Collected thoughts on generating presentations

Patrick Schmitz, Ludicrum Enterprises
<cogit@ludicrum.org>

Notes on Oscar's thesis

These are just some ideas that arose as I read his thesis. I have added additional notes as I read other papers, but his ideas about attention, and some omissions in the architecture spurred my thinking in this area.

Using function/intent of media rather than media type

It seems critical to consider the function/use/author-intent of a piece of media (e.g., an image) in a presentation, and not just the fact of its media type, or even of its contents . Simply combining "image" as a class with other content is much less meaningful without the function/intentional-use included in the analysis.

If the work done to classify audio is moved onto a slightly different axis, I think it becomes much more meaningful, and is also general to all media types (not just audio). This axis is the intended level of user focus. Sticking with his three levels of distinction, we get content that is:

ambient: This is content that is not the central focus in the presentation. It may well be important to create presence, mood, etc. but it is not central to communicating the core concept of the presentation. Background music, graphical backgrounds, margin styling and color, and in some cases, even some video may be largely ambient. Ambient media should require minimal cognitive processing.
focal: This is the media that is carrying the main weight of the communication. It should be the true focus of the user's attention, and is presumably the most important media from the perspective of teaching or communicating. The bulk of the user's cognitive processing should be consumed with media in this category.
alert: This is media that is designed specifically to interrupt, alert, guide or prompt the user. It is typically short, requires immediate attention but little - or only short duration - cognitive processing. Some guide content is persistent (e.g. control buttons and iconic guides), but still is processed in short bursts (when searching for, or actually using the guides or controls), and fits well into this category.

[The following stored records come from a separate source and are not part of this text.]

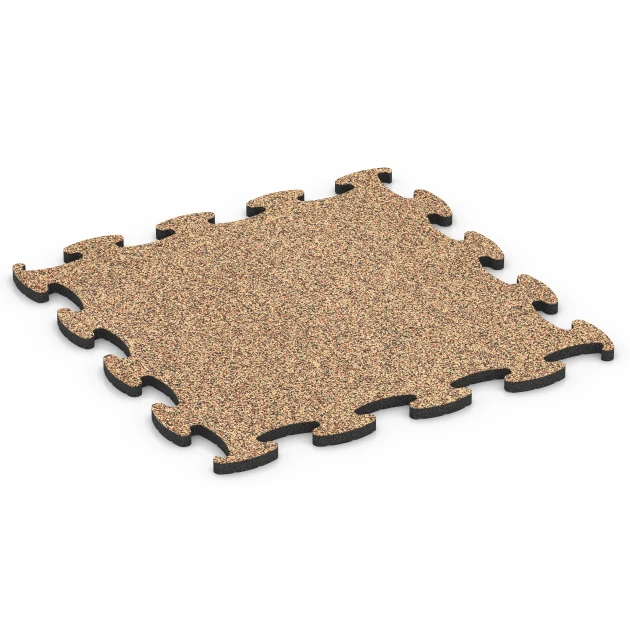 Fitness Max Floor System von WARCO im Farbdesign Terra Cotta mit den Abmessungen 98 x 98 x 2,8 cm. Produktfoto von Artikel 6889 in der Aufsicht von schräg vorne.
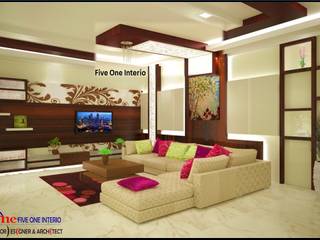 MODERN HOUSE, Five One Interio Five One Interio Minimalist living room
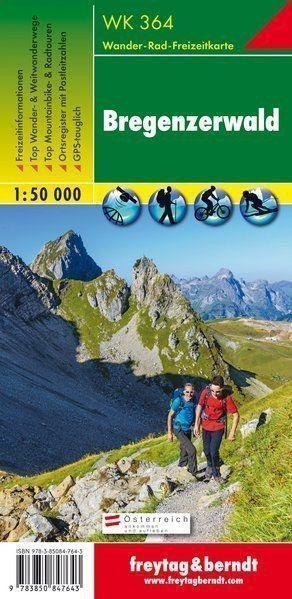 WK 364 Bregenzerwald 150 000  turistická mapa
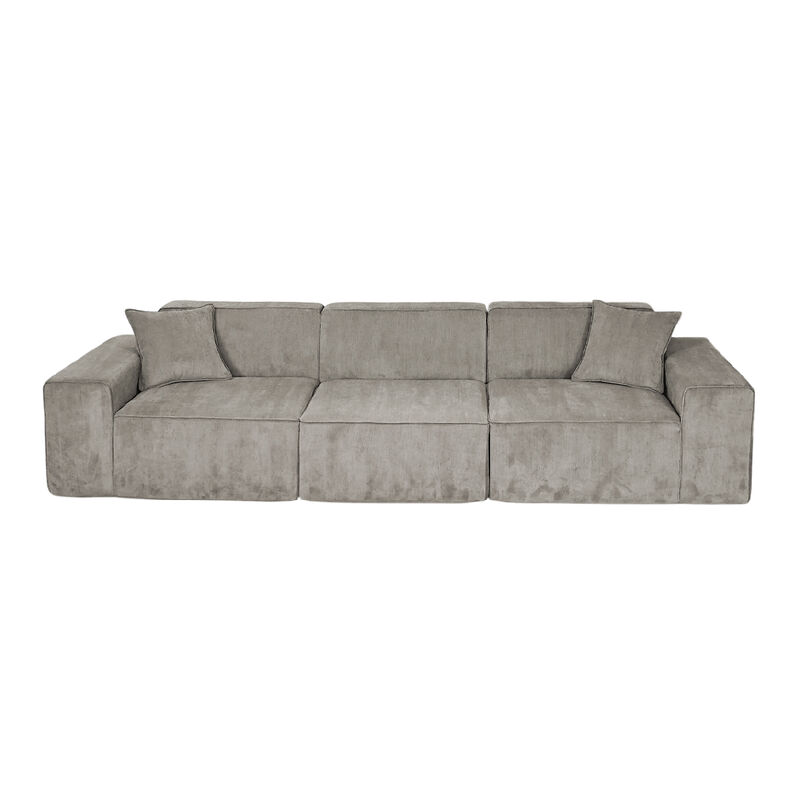 Sof&aacute; Espuma Alta densidad YUGEN Beige 3 plazas ... image number null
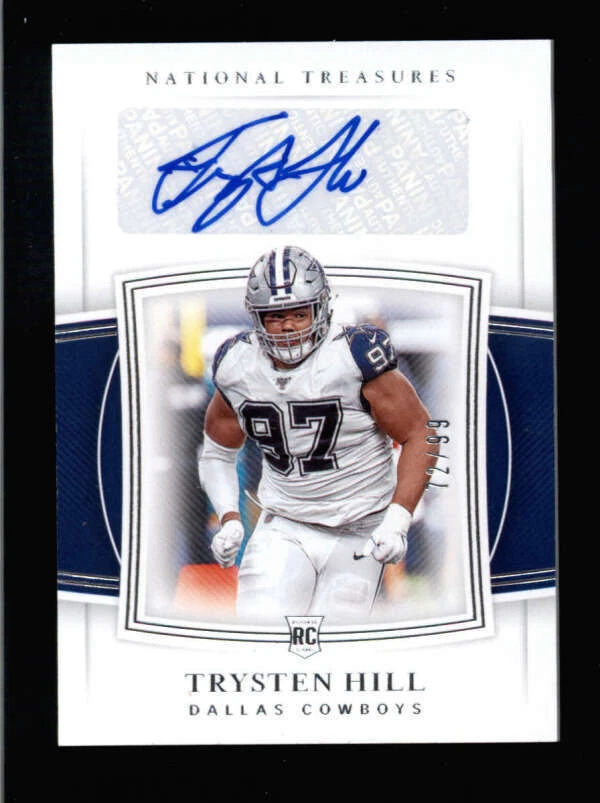 TRYSTEN HILL 2019 NATIONAL TREASURES ROOKIE AUTOGRAPH AUTO #72/99 BC3821 - Image 1 of 1
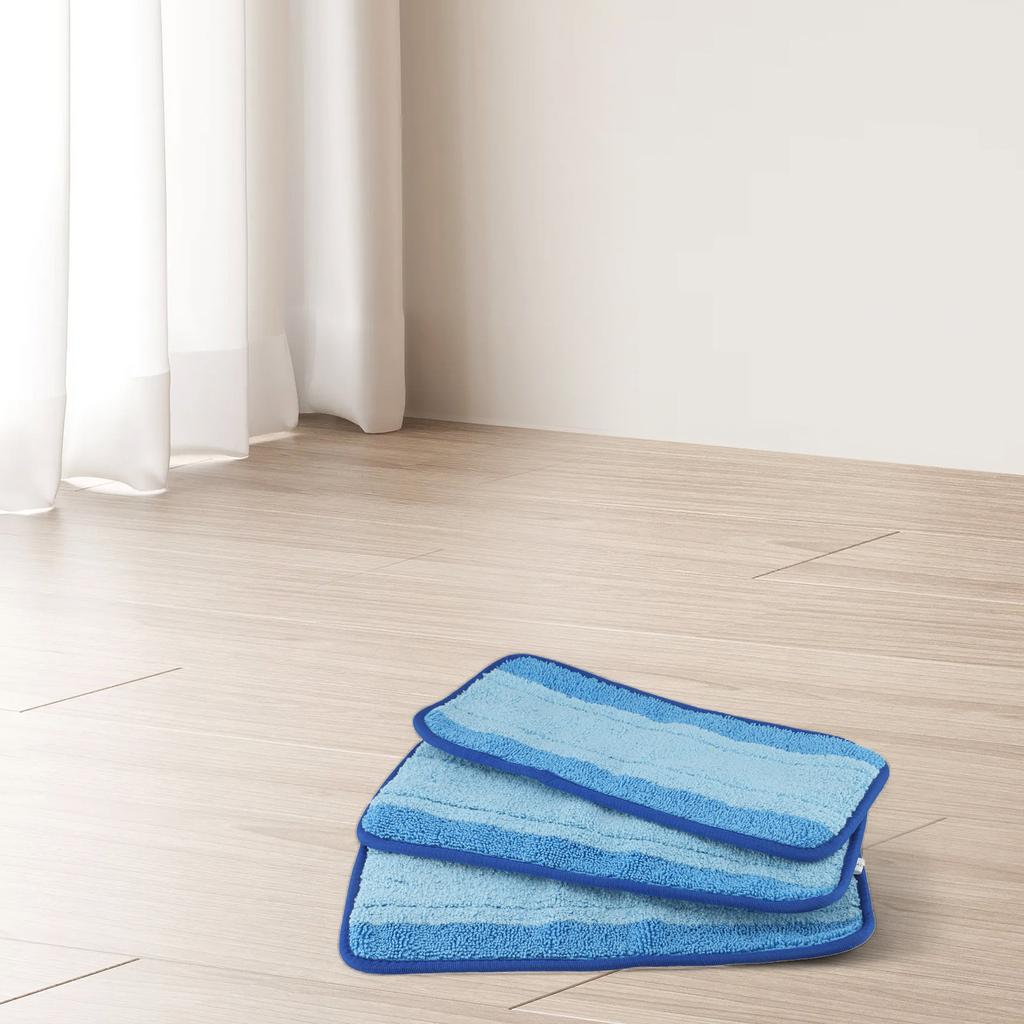 3/6 szt. Zmywalne nakładki do mopa z mikrofibry do drewnianej podłogi, wielokrotnego użytku, do Swiffer, do Wet Jet, zamienniki, część zamienna do robota sprzątającego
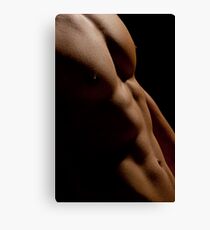 Close - gay art male art Canvas Print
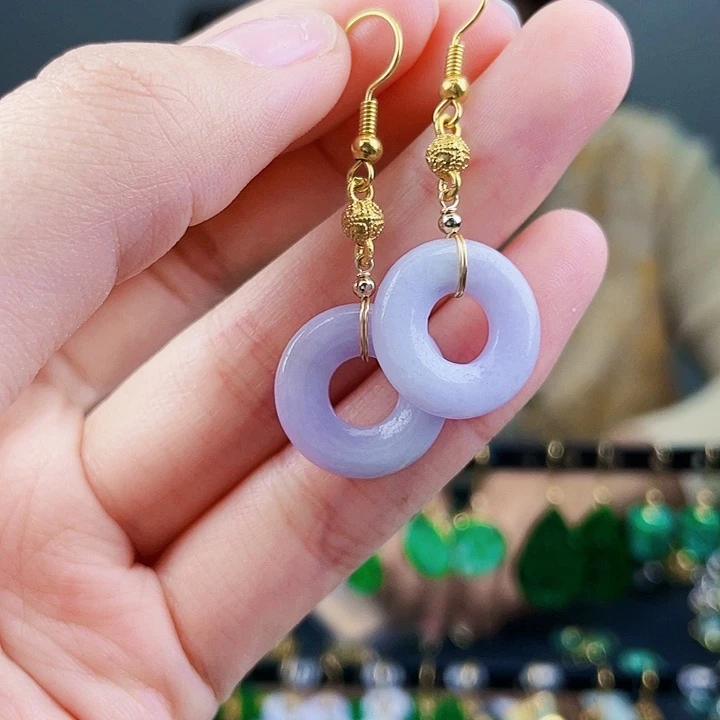 翡翠耳饰未镶嵌饰品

This of course begs the question: how do we determine/deduce/declare the function/intentional-use of a piece of media? When we are generating media, I would think it important in the rhetorical and discourse models to note the function of the media, and so this should come for free, to some extent. Stated another way, this would be one of my design criteria or requirements for a model of rhetorical structure or discourse.

In an existing presentation, I suspect that some heuristics might be applied that could help with this. These might well be inspired by the classification scheme that Oscar describes. However, it makes more sense to define a model that handles the broader case (including the exceptions to his rules he mentions). Once we have a model like this in place, it may make sense use his simpler rules to approximate the proper model, when the function/intentional-use is otherwise unknown.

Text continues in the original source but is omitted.